By this point, the explanations for Gantz’s insistence on remaining in the race at the head of a small band of Kahol Lavan loyalists, clinging to their ministerial posts and the decreasing chances they will remain lawmakers after the election, are more psychological than political.

In two out of the five media polls published in the last week, Kahol Lavan failed to cross the electoral threshold of 3.25 percent of votes. In two others, it received the bare minimum of four seats.

The trajectory is downward, and not only is it looking increasingly likely that the party will disappear in the March 23 election, but the loss of the votes it will receive could tilt the balance in favor of a Netanyahu-majority governing coalition. Hence the public letter and other forms of pressure on Gantz to drop out.

But Gantz clings on. His social media accounts trumpet every poll that still shows Kahol Lavan crossing the threshold. He is still defense minister, nominally the second most powerful job in Israel, though Netanyahu consistently ignores him. And he still holds the title of “alternate prime minister.”

That is his argument for staying in the race: the coalition agreement between Kahol Lavan and Likud is still in effect, meaning that he can officially veto any government decision, and he and his party members still control their ministries. “I am guarding this government from within,” he explained. Without him, Israel would be “a de-facto dictatorship of one man.”

If Kahol Lavan doesn’t run in the election, or fails to cross the threshold, Gantz is now arguing, Netanyahu will claim after the election that the coalition agreement no longer applies, and will fire him and his colleague and take over the Justice Ministry.

As Jonathan Lis writes, jurists are currently split over whether Gantz’s argument is valid and if he and his ministers could be ousted if Kahol Lavan withdraws from the election or fails to pass the threshold. That decision will ultimately rest with Attorney General Avichai Mendelblit, but it’s a gray area. The hastily written Basic Law on the Government amendment that allowed for the alternate prime ministership never factored in the possibility that Gantz’s party might not last more than one Knesset

Gantz and Kahol Lavan’s increasingly forlorn campaign may look pathetic, but he can’t accept the fact that it’s almost certainly over. To end the campaign would be an act of self-abasement beyond the capability of a man who was so close to the prime minister’s office.

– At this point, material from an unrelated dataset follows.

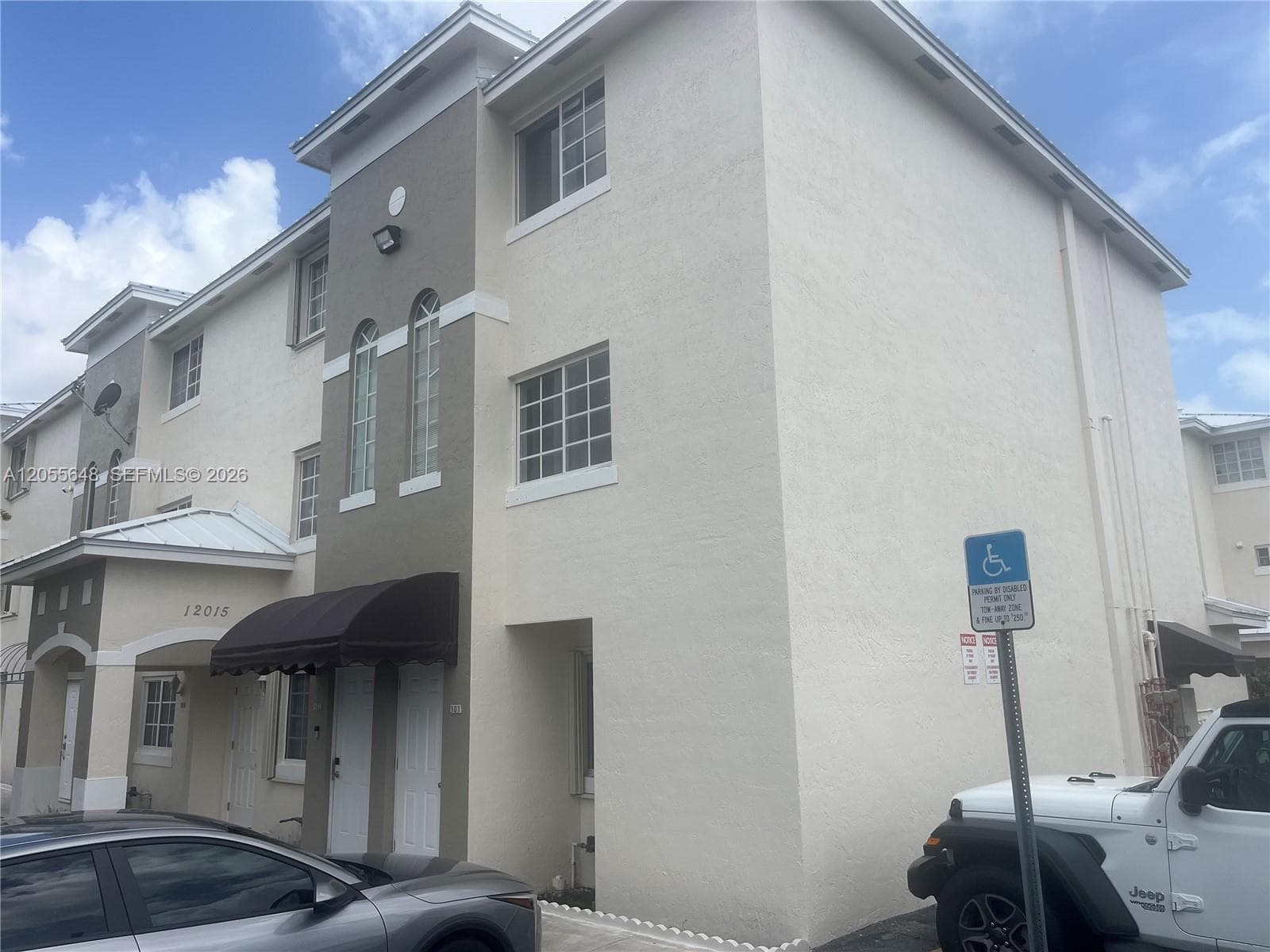 12015 SW 14 ST # C, Miami FL 33184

Netanyahu has a clear interest in Gantz staying in the race until the end, splitting the opposition and wasting votes. Pro-Netanyahu “journalists” have been reporting the bizarre possibility that if Gantz somehow remains in the Knesset until November without a new government being formed, he could still become prime minister under the original coalition agreement’s rotation clause, even though they know such an outcome is outlandish. But it seems to appeal to Gantz’s delusions.

It won’t happen, but Gantz still has a small chance of gaining the upper hand. If he does pass the threshold, though it seems less and less likely, he and his handful of lawmakers could be the kingmakers. He would hold not just Netanyahu’s fate in their hands, but have the power to decide which of the prime minister’s challengers gets a crack at forming a government of their own. This includes Gideon Sa’ar and Naftali Bennett, and especially Yair Lapid, his former co-leader of Kahol Lavan, with whom he hasn’t spoken for 10 months since Gantz decided to join a Netanyahu government.

Gantz will never be Israel’s prime minister. The best he can hope for is to be the leader of a tiny party in the next Knesset. But the slim prospect of once again having that bit of power over his rivals is what keeps him going.